BEGIN GIVEN DATA
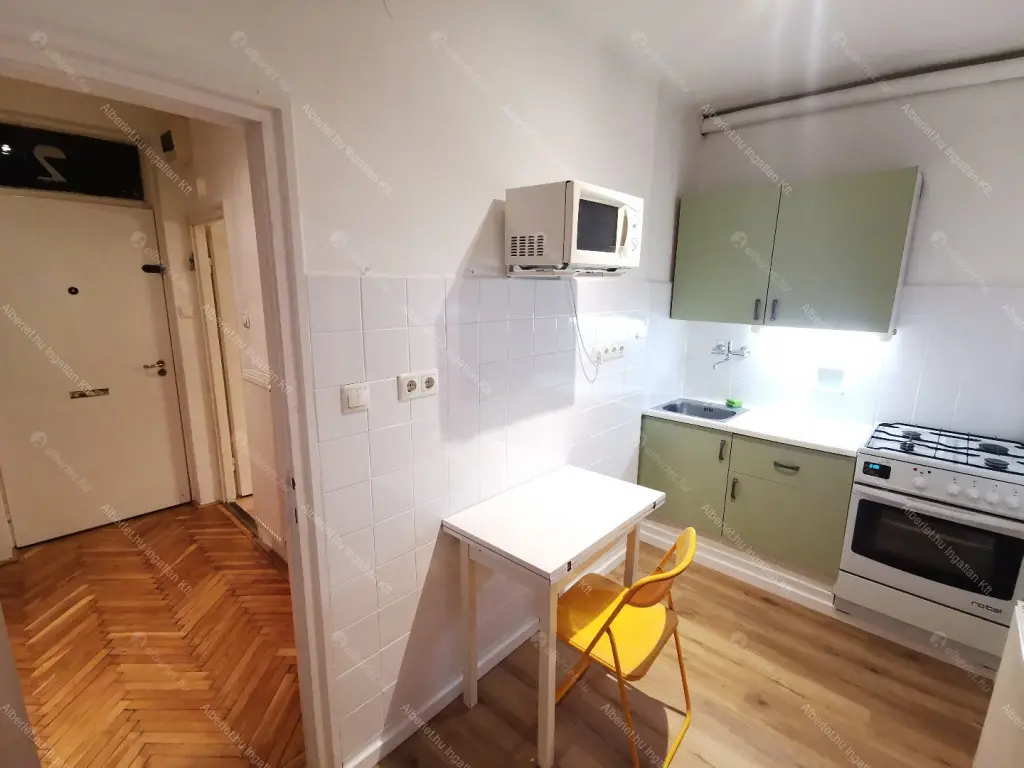 Kiadó albérlet 200000 Ft/hó áron: Budapest, II. kerület  Alsó Völgy utca. Mérete: 40 nm, 1 szobás | Alberlet.hu - 6642487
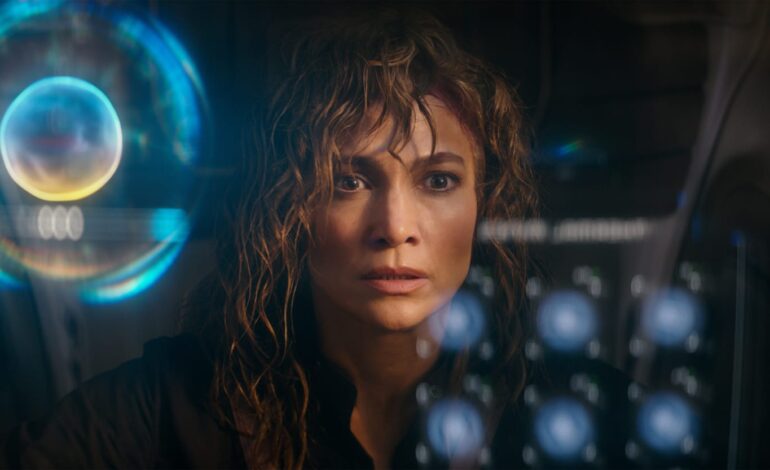 Film science-fiction J.Lo AI to jeden z największych niewypałów tego roku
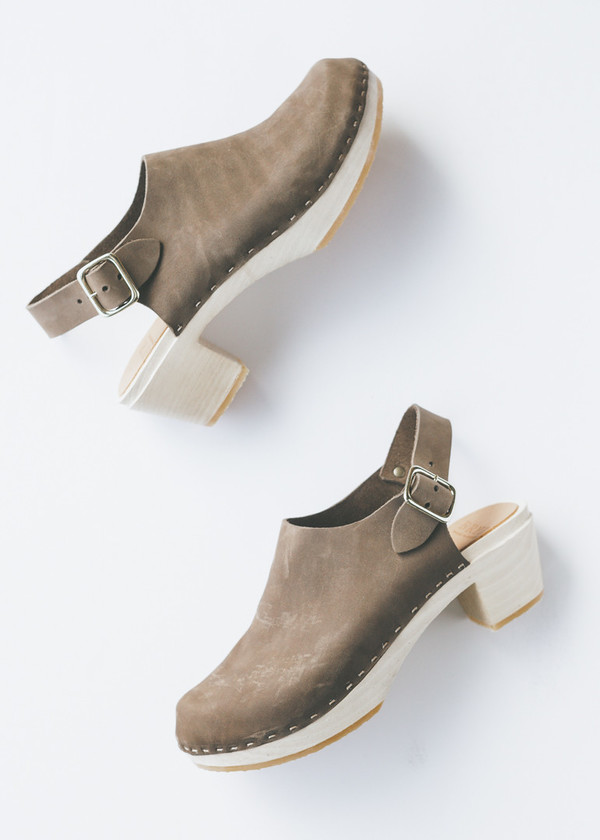 Bryr Clogs Suzie Closed Toe in Sable Garmentory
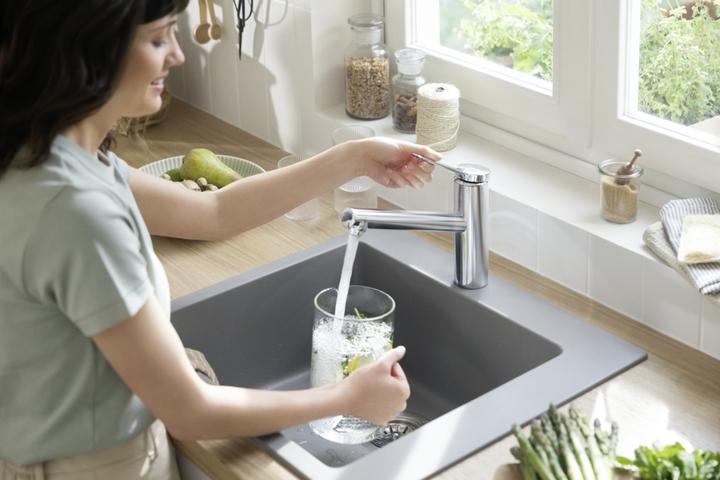 Actual product image hansgrohe Kitchen mixer with single-lever mixer Zesis M33 black 74802670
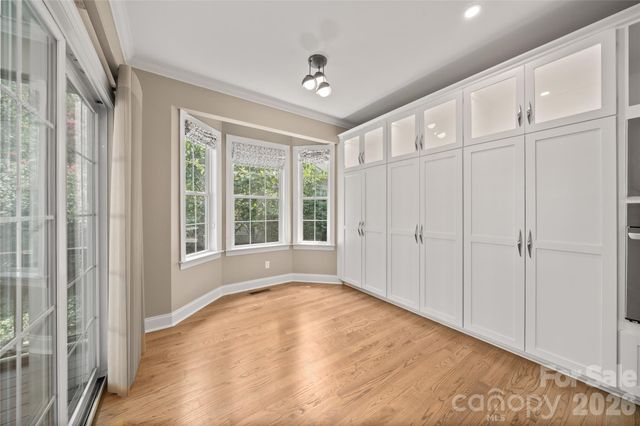 14 Waterbury Court, Hendersonville, NC 28791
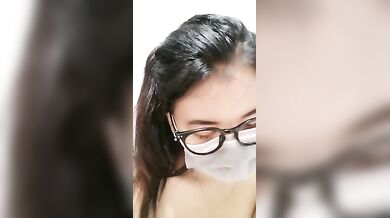 Inem Kacamata Liveshow Erotis Indonesia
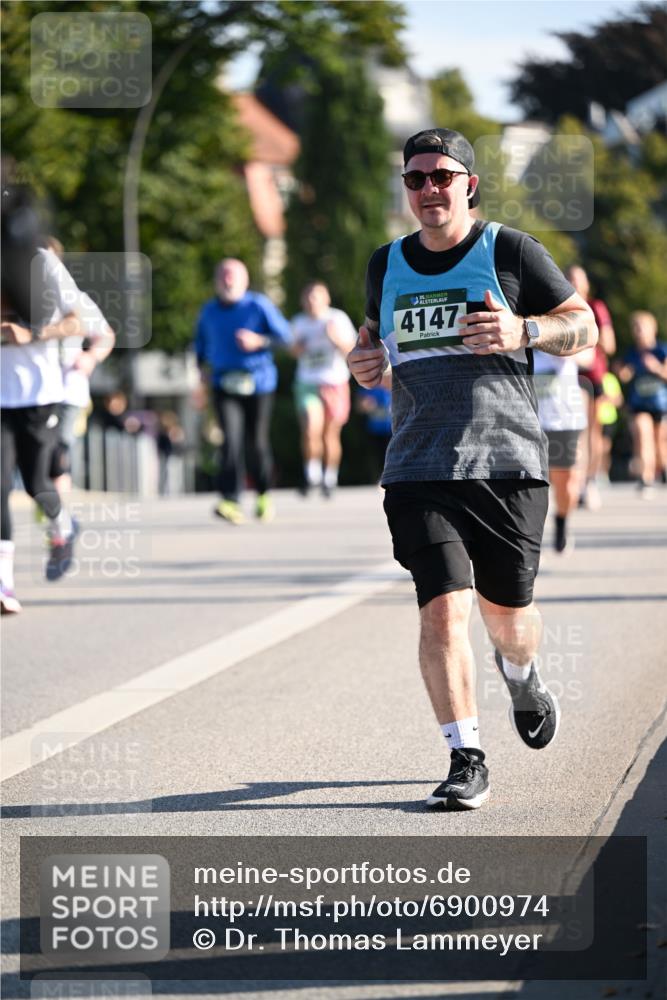 01.09.2024 - BARMER Alsterlauf Dr. Thomas Lammeyer http://msf.ph/oto/6900974 01.09.2024 09:38:22 Laufen 4147 meine-sportfotos.de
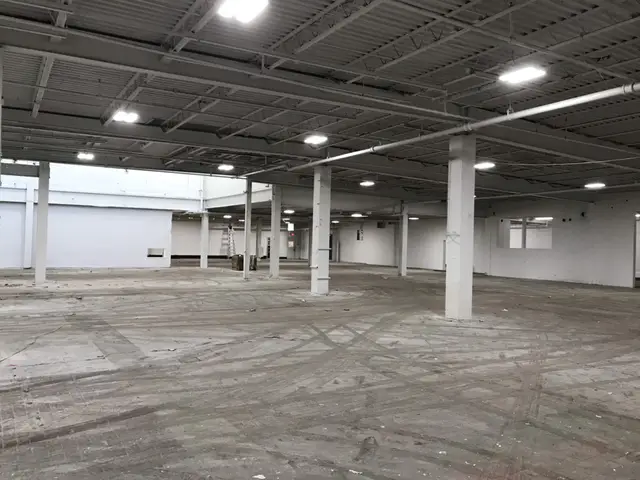 AER Realty Management, after the LED upgrade, photo 4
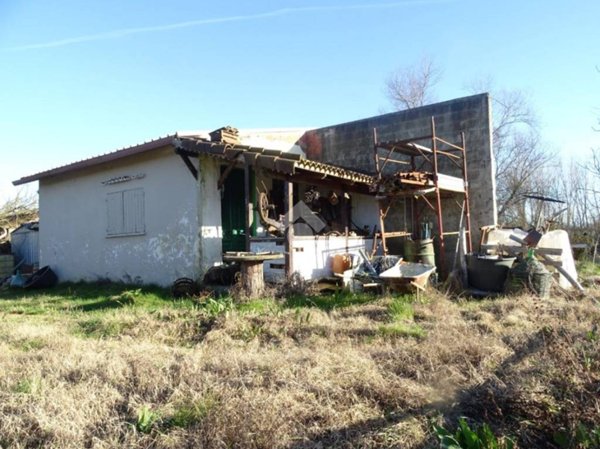 casa indipendente in vendita ad Alessandria in zona Valle San Bartolomeo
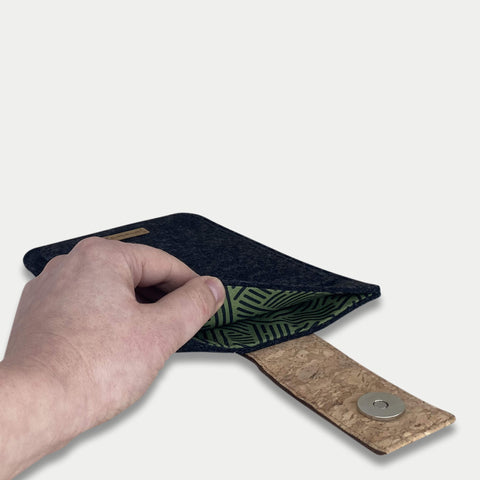 Op maat gemaakte eReader-hoes | met magnetische sluiting en extra vak | antraciet - strepen | Model "HAKA"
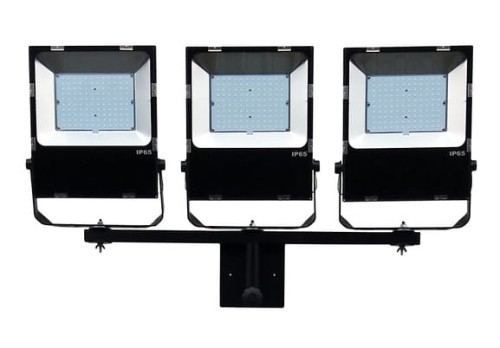 Maszt oświetleniowy LED 3 x 100W IP-65 z windą, wysokość 3.38 m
END GIVEN DATA
Every line from the start of the material through the line holding "AER Realty Management, after" must be returned exactly, and the pictures must not.

_RESPONSE:_
 Kiadó albérlet 200000 Ft/hó áron: Budapest, II. kerület  Alsó Völgy utca. Mérete: 40 nm, 1 szobás | Alberlet.hu - 6642487
 Film science-fiction J.Lo AI to jeden z największych niewypałów tego roku
 Bryr Clogs Suzie Closed Toe in Sable Garmentory
 Actual product image hansgrohe Kitchen mixer with single-lever mixer Zesis M33 black 74802670
 14 Waterbury Court, Hendersonville, NC 28791
 Inem Kacamata Liveshow Erotis Indonesia
 01.09.2024 - BARMER Alsterlauf Dr. Thomas Lammeyer http://msf.ph/oto/6900974 01.09.2024 09:38:22 Laufen 4147 meine-sportfotos.de
 AER Realty Management, after the LED upgrade, photo 4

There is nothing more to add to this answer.